What does the data read, word for word, from the line containing "Ehemann küsst Frau und trinkt Kaffee" through its final line? Give those lines only.

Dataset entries
################

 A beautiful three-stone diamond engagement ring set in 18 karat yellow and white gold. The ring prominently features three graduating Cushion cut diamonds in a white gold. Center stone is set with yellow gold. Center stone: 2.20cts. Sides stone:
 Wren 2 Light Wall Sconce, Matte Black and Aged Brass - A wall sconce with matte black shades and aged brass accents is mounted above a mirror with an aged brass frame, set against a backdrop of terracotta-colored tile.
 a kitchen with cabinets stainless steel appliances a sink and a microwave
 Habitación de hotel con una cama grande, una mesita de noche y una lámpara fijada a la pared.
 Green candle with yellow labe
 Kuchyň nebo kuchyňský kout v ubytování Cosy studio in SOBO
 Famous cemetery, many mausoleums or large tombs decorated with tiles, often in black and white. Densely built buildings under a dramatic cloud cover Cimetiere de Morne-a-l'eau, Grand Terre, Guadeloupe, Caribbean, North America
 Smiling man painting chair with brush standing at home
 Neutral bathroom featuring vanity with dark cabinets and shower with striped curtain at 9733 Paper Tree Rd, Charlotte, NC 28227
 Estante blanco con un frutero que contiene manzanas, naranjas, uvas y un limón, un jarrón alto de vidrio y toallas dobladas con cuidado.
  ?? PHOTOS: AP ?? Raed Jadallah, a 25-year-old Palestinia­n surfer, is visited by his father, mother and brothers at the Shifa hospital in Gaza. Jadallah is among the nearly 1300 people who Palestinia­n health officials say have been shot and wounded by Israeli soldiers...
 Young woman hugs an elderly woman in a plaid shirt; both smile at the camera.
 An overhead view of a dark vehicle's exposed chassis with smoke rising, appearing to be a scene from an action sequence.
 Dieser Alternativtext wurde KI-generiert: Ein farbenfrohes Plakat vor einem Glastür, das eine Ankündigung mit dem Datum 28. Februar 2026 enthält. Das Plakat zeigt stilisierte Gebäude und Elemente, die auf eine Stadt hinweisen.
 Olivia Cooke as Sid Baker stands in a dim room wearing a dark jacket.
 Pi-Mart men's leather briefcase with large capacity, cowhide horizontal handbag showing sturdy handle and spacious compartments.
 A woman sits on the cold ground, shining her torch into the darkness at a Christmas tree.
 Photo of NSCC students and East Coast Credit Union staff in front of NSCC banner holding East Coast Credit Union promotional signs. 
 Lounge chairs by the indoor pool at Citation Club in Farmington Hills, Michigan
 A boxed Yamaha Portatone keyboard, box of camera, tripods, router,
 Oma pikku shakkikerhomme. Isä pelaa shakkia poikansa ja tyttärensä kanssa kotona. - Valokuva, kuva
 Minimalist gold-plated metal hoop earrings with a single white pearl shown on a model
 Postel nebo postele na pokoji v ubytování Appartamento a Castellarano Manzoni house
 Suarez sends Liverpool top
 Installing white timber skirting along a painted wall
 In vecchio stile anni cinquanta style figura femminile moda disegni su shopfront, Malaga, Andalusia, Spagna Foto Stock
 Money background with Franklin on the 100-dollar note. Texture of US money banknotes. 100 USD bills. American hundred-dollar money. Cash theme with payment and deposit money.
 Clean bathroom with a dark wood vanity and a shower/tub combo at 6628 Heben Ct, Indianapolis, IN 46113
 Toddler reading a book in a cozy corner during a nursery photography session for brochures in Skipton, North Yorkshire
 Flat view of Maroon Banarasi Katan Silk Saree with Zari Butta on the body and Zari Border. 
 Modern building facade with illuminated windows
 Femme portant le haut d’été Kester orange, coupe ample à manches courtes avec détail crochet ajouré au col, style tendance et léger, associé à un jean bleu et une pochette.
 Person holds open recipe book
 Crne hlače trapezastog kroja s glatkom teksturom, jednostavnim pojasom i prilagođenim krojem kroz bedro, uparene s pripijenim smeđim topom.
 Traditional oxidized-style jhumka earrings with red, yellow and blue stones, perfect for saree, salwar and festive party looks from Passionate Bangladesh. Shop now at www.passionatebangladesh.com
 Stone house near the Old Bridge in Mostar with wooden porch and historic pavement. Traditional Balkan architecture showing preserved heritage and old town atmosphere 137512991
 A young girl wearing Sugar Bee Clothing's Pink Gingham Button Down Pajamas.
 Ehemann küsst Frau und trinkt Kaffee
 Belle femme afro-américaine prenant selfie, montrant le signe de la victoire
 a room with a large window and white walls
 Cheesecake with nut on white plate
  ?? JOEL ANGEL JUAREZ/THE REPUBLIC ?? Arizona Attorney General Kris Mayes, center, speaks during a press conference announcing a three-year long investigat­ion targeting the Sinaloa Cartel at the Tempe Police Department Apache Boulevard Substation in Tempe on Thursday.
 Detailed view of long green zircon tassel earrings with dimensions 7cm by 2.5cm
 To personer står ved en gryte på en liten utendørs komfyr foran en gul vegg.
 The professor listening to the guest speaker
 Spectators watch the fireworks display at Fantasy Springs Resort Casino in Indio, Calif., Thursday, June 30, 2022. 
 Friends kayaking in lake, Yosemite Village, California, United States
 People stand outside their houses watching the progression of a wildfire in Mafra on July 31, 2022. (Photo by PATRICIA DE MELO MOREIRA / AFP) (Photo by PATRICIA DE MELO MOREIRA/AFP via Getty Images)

################

* Your response:
 Ehemann küsst Frau und trinkt Kaffee
 Belle femme afro-américaine prenant selfie, montrant le signe de la victoire
 a room with a large window and white walls
 Cheesecake with nut on white plate
  ?? JOEL ANGEL JUAREZ/THE REPUBLIC ?? Arizona Attorney General Kris Mayes, center, speaks during a press conference announcing a three-year long investigat­ion targeting the Sinaloa Cartel at the Tempe Police Department Apache Boulevard Substation in Tempe on Thursday.
 Detailed view of long green zircon tassel earrings with dimensions 7cm by 2.5cm
 To personer står ved en gryte på en liten utendørs komfyr foran en gul vegg.
 The professor listening to the guest speaker
 Spectators watch the fireworks display at Fantasy Springs Resort Casino in Indio, Calif., Thursday, June 30, 2022. 
 Friends kayaking in lake, Yosemite Village, California, United States
 People stand outside their houses watching the progression of a wildfire in Mafra on July 31, 2022. (Photo by PATRICIA DE MELO MOREIRA / AFP) (Photo by PATRICIA DE MELO MOREIRA/AFP via Getty Images)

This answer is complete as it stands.